Friday, June 4

WHY WE DON'T ARREST CHALABI


Mark Kleiman has the simple answer to the question everyone's asking: Why don't we arrest Chalabi -- that as a foreign national, he didn't break any of our laws.

So it was neither disloyal nor illegal for him to take information some American official gave him and use it as seemed best to him for the good of his country, his party, his sect, and himself. If he acted contrary to the interests or laws of Iraq, that's for the Iraqis to decide.

But it was illegal (though not, I'm sure, subjectively disloyal) for the American official, whoever he was, to share such a sensitive secret with a foreigner. And that's why it was illegal: foreigners aren't to be trusted with such secrets.

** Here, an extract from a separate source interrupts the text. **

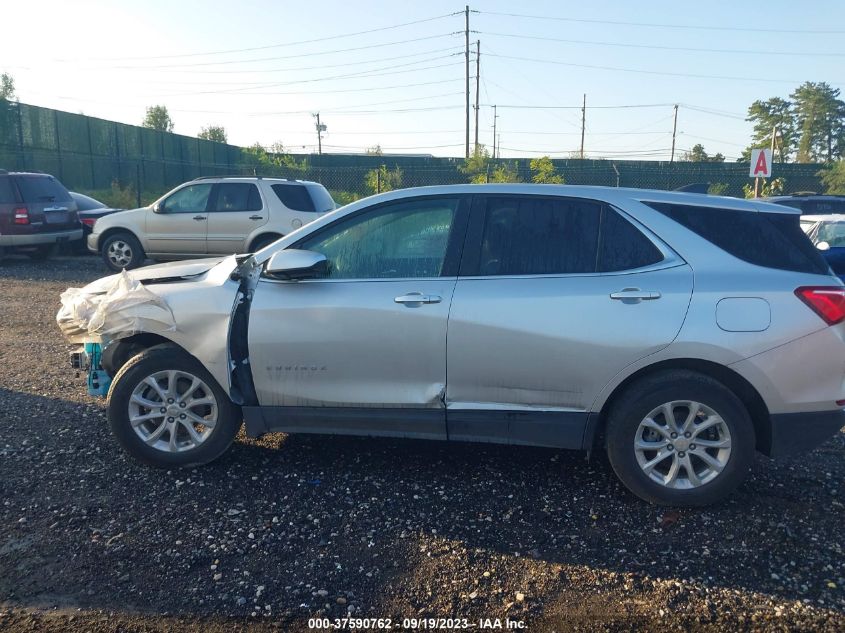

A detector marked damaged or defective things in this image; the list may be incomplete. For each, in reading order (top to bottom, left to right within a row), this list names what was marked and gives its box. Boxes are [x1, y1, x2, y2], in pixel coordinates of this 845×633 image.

exposed wheel well [246, 232, 282, 252]
damaged front end [56, 256, 254, 398]
exposed wheel well [592, 358, 768, 452]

Similarly, if Chalabi did in fact help con the United States into liberating his country from a tyrant that's something he can legitimately brag about. (Though it was somewhat impolitic of him to do so as volubly as he did.) Deception is, after all, a legitimate tool of diplomacy. If Franklin deceived the court of Louis XVI into providing help to the American Revolution, would anyone call that misconduct on Franklin's part?

What seems to have happened here is that Chalabi remembered where his loyalties lay, while his neocon sponsors forgot. He conned them. Their bad, not his.


UPDATE: Fred Kaplan of Slate has a different take on the subject.